Прячась в тени, вжимаясь в мохнатый бок кургана, приютившего лаз к странным сектантам-монахам, Морхольд добрался до темнеющего входа. Металл на ремне дробовика, обмотанный изолентой, ни разу не звякнул, в черноту, незамеченный и неуслышанный, он канул быстро, как и собирался.
Внутри думал застать сырое тепло обжитого подземелья. И ошибся. Плошки с жиром, чадившие горящими тонкими языками, отражались в изморози стен. Настоящей изморози, без дураков. Что за?!
Тепло Морхольд любил, холод – не особо, так что выходил на сегодняшнее дело, одетый вполне основательно. Старая подружка – куртка, черная вязаная шапка-маска, рабочие перчатки с прорезиненными пальцами, перчатки-митенки со вставками, свитер под горло, даже портянки намотал теплые.
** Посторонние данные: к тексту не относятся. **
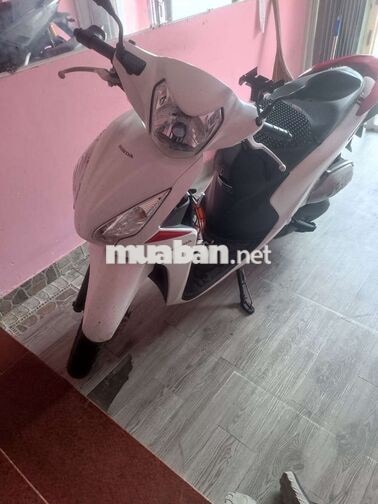 Honda Vision Trắng Smartkey 22427 km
Как в воду глядел, если такое можно сказать про это проклятое место. Почему проклятое?
Воздух, чуть отдающий теплом и шедший изнутри широкой подземной кишки, нес мерзость. Годами копившийся гной пролитой крови, перемешанной с мучившейся плотью, такой ощутимый, что Морхольд даже замер на несколько мгновений. Потряс головой, понимая – просто реакция организма на толщу земли сверху, рефлекс обычного человечка, живущего внутри каждого, на темноту и ожидание обязательного страха. От Ерша услышал немного, до того на берегу с людьми переговорил, вот и прет адреналин наружу, заставляет ждать плохого.
Светильники тут служили маяками – не иначе, чтобы не растеряться, куда наступать. Пол за сколько-то лет существования чертова места выгладили ногами – куда там асфальту. Шел спокойно, не спотыкаясь и не шумя. Дробовик стволом вниз на ремне через грудь, нож в руке, готовый к броску, тихо и споро, вперед да вперед, чоп-чоп.
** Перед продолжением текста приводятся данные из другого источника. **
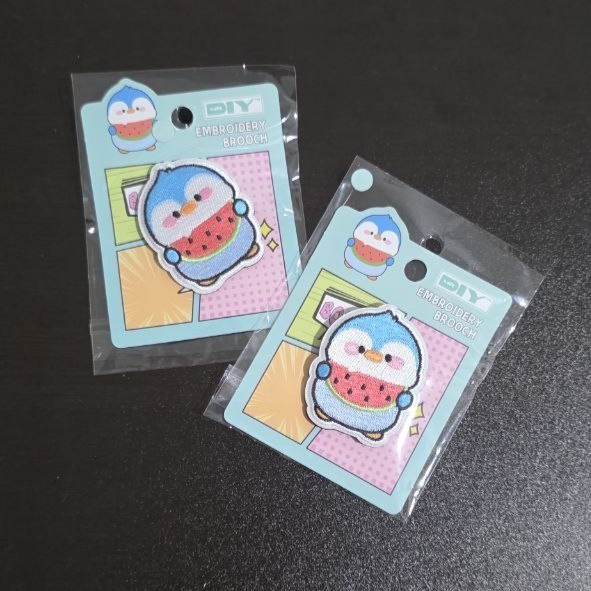 NEW 2pcs Cute Penguin Animal Embroidery Brooch Pin Cartoon Backpack Jacket Badge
Непонятное попалось после второго поворота, убегавшего вглубь кургана и раздваивающего ход. Оно торчало на стене, подсвечиваясь снизу самой натуральной кованой жаровней, трещавшей полешками, политыми чем-то густым и смолистым. Пахло непонятное неприятно, а выглядело еще хуже. Что это – Морхольд понял почти сразу.
Снятая кожа. Человеческая. Набитая изнутри чем-то вроде сена и со странно изуродованной и пришитой головой, по пояс выросшая из стены. На нормальное лицо рожа, удивительно живо смотрящая прямо на проход, не походила вообще. И не была мордой мэрга, рыбочуда, которые появились после Войны. Да и не было у мэргов рогов бараньих, как у висящего на стене создания-химеры. Рога поблескивали полированными выступами от пламени жаровни, черные непроглядные глаза, отлитые из стекла, мерцали красным внутри, отсвечивая. Кривой длинный рот, приоткрыв по-лягушачьи длинные губы, показывал самые кончики костяной пилы за ними. Руки с чересчур длинными пальцами, украшенными острыми вшитыми когтями, как бы предлагали сделать выбор, развернутые пригласительным жестом в обе стороны.
И темнел знак, намалеванный на груди. Явно угадывающаяся волна и торчащая из нее пятерня с обрезанным мизинцем.
– Вы тут совсем больные на голову, – поделился Морхольд, рассматривая хренову достопримечательность. – Это ж как в трэшаке каком-то, фильм категории «Б», мать его.
Из левого отнорка, докатившись эхом, достало уши нестройным и низким гулом. Из правого просто тянуло морозцем. И даже сильнее, чем раньше. Ход, верно, убегал еще ниже. Но почему так холодно?
Значит, справа делать нечего. Пленников и рабов никто на леднике держать не станет. Припасы, может, еще что-то, что можно хранить в мерзлоте. Не должно тут такой быть, и…
Звук пришел оттуда. Из непроглядного зева, на самом входе расцвеченного настоящими ледяными цветами-узорами, тянущимися из коридора наружу. Звук, низкий и басовитый, странно манящий двинуться туда, Морхольд едва уловил. Дрожь прокатилась по всему телу, пробирая морозными иголками от ушей до пяток. Звук повторился, такой же тянущий к себе.